Because one did want to talk to me. Instead of dating and/or marrying someone like that, I found someone with whom I get to keep doing videogames and anime and my wife will do them with me. Well, she doesn't care for anime that much, but we play lots of games together. Sometimes we're just sitting next to each other playing completely separate games and she'll giggle as the monsters die and it's adorable. And sometimes she'll want to go somewhere and do something and I'll suck it up and go because it's not very often, because she's mostly like me and genuinely wants to be at home most of the time.

Which is weird because you would think that online dating would be the perfect environment for introverts. I never was able to work up the courage to ask out a girl in real life. I could never quite tell when it would be creepy and unwelcome and when it would be fine, so I always erred on the side of caution. But online dating everyone is there explicitly for the purpose of meeting people and can ghost you the instant they feel uncomfortable, so I didn't have to worry about that and could just be honest about being attracted to people. And can do it from the comfort of my home and not have to go outside and meet people in real life and do public social stuff with lots of people when I'm trying to have a one on one conversation.

Maybe the issue is that most of the shy introverted women get scared off by the tons of attention and unsolicited dick pics from creepy guys even online, and then the shy introverted men are left in a sea of women who have thick enough skins to stay anyway.

There's a difference between someone sharing all of your interests, and someone who is willing to tolerate all of your interests. Even if they don't share the same hobbies, you don't want to date someone who fundamentally is unwilling to accept a part of you. If someone is going to be scared off by me liking anime, I want to scare them off instantly, not 5 dates later when they find out. Now, granted, there is some middle ground where some people might be willing to accept anime in someone who they already know is sane and not a pedophile but would screen it off on a stranger, but that still indicates some level of judgemental that I personally would rather filter out too.

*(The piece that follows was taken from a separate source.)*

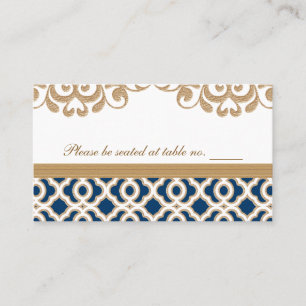 Navy Blue and Gold Moroccan Wedding Table Place Card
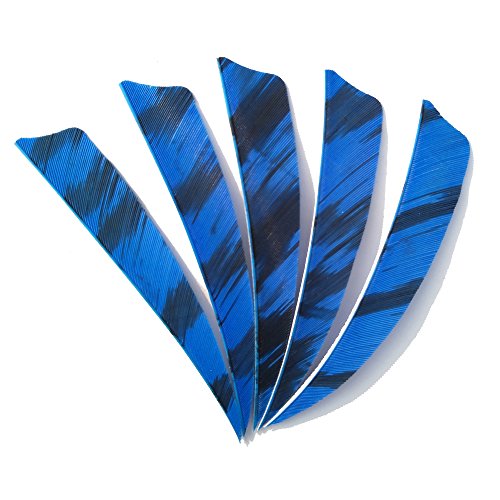 SHARROW 50pcs Bogenschießen Pfeilfedern 4 Zoll Naturfeder Befiederung Bogensport Zubehör (Blau) von SHARROW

And beyond the truly negative stereotypes, it signals that you're the kind of guy who sits around the house all day and doesn't get out much.

Yes, this. This is who I am, this is who I deliberately signaled that I am. The kind of person I filtered for is someone who not only doesn't have a problem with this, but sees it as a positive. The woman who I eventually found and married is the kind of woman who sits around the house all day and doesn't get out much. We have literally never gone out on a restaurant date just the two of us, because neither of us enjoys that environment and only go in a group when socially pressured by friends and family. When given the choice, we usually stay home and play games, where we both want to be.

Positives and negatives are subjective and high variance. And ultimately are scored from the single unique perspective of the person you end up with. They are not averaged. Your value as a romantic partner is not the average value ascribed to you by women collectively, but the value from the perception of the one person you actually end up with. So if you have niche interests and traits with high variance, where rather than everyone slightly disliking them, some people strongly dislike them and other rarer people strongly like them, then you want to filter for and find the people who like them, and then they become positive traits.